According to their site, “The ASLM Fellowship is conceptually based on a Masters degree in structure and standard.” The “Fellowship is earned by demonstrating competency in the domains of Lifestyle Medicine from either a clinical, public health, education and/or research perspective.” As such, fellowship represents the highest level of expertise and peer recognition available to health professionals in the field of Lifestyle Medicine.

Photo by Michelle Leman from Pexels

As Counselling Psychotherapists, we work in the NDIS Registered Provider categories of specialist behaviour support, counselling therapies, and early childhood intervention. As such, NDIS participants can use our expertise in a wide range of ways to help their NDIS Plan goals. One of these ways to use expertise is as specialists in lifestyle medicine and health.

We provide senior analysis of medications under NSW and national NDIS standards in behaviour support. Not only in disabilities, we have applied these methods with NDIS participants in support of their mental health concerns. Across a range of cases, and under the excellent standards for finding least restrictive options, i.e. other than being medicated for behavioural and mental health concerns, we are actively working with people to help them review their medications with their primary health practitioner, while helping individuals where possible to reduce medications while building personal resilience and support systems.

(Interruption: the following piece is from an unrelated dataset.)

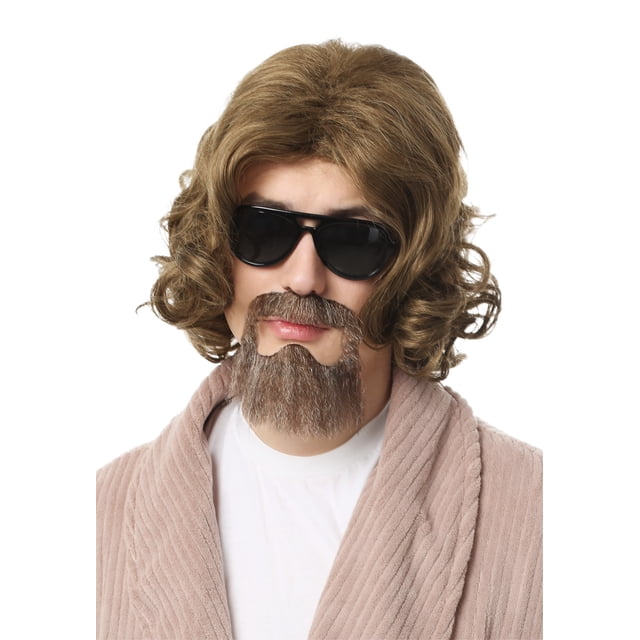 Big Lebowski Perruque et Kit de Barbe pour Adulte The Dude Comprenant une Perruque Synthétique Bouclée Brun Pâle avec Capuchon en Maille Élastique et une Barbiche Auto-Adhésive. Accessoire de costume d'Halloween sous Licence Officielle Conçu pour Répliquer le Style Emblématique de The Dude du Film.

When you think of the implications here, the work under Lifestyle Medicine is very important. Over medication of people with disabilities (and mental health) is well documented. And is of great concern and is part of the historic reason for the NDIS Act 2013 being followed up by the Standards of 2018 that tabled Behaviour Support and Restrictive Practices standards. Unfortunately, we find that behaviour support practitioners that we have observed by reading their reports and hearing about their work from participants are not necessarily qualified and/or are not addressing these wider quality and health related concerns.

Under Lifestyle Medicine we also address lifestyle related chronic conditions and disease management, again from the perspective of counselling in allied health, and with a holistic integral mindset that provides for the question, “How can I better apply and find motivation to deal with my health concerns in daily life?” This central question at the heart of Lifestyle Medicine is incredibly important in a field where so many participants are dealing with chronic health issues, lack of exercise and activity, diet and nutritional deficiencies, weight gain and obesity, diabetes, and other chronic gut-brain dysfunction and a wide range of inflammatory conditions.

The often difficult but important question of motivation in light of human rights is central in disability and mental health treatment and support systems. For example, and while this sounds controversial, many NDIS participants have their health needs in daily practice largely overlooked. Yet this finding is not new to the literature, not at all.

For instance, The Australian Institute of Health and Welfare found that “adults with disability rate their health as poorer than adults without disability: adults with disability (42%) are 6 times as likely as those without disability (7.0%) to assess their health as fair or poor.”

Likewise, the Institute says that, “Mental health conditions can be both a cause and an effect of disability, and often involve activity limitations and participation restrictions beyond the ‘core’ areas of communication, mobility and self-care—for example, in personal relationships. Four in 10 (42%) people with severe or profound core activity limitation, and 33% of people with other forms of disability, self-reported anxiety-related problems in the 2017⁠–⁠18 NHS. This compares with 12% of people without disability (ABS 2019d). An estimated 36% of people with severe or profound disability self-reported that they had mood (affective) disorders such as depression, compared with 32% of people with other forms of disability, and 8.7% of people without disability (ABS 2019d).”

This huge gap is in part due to not carefully addressing the values of personal choice and agency in light of dietary choices that lead to the path of Type 2 Diabetes, Obesity, inflammatory conditions, gut-brain dysfunction, behavioural concerns, and a wide range of related chronic health conditions.

Traditionally, behaviour support in the disability sector has focused largely and narrowly on social behavioural risks and the reduction of immediate risks to health and safety. However, at the very core and heart and soul of clinical functional assessment of behaviour is the notion that we MUST take a holistic, integral, and lifestyle approach to correctly understand what drives behaviours of concern. More so, these ecological perspectives are necessary to find real and enduring solutions.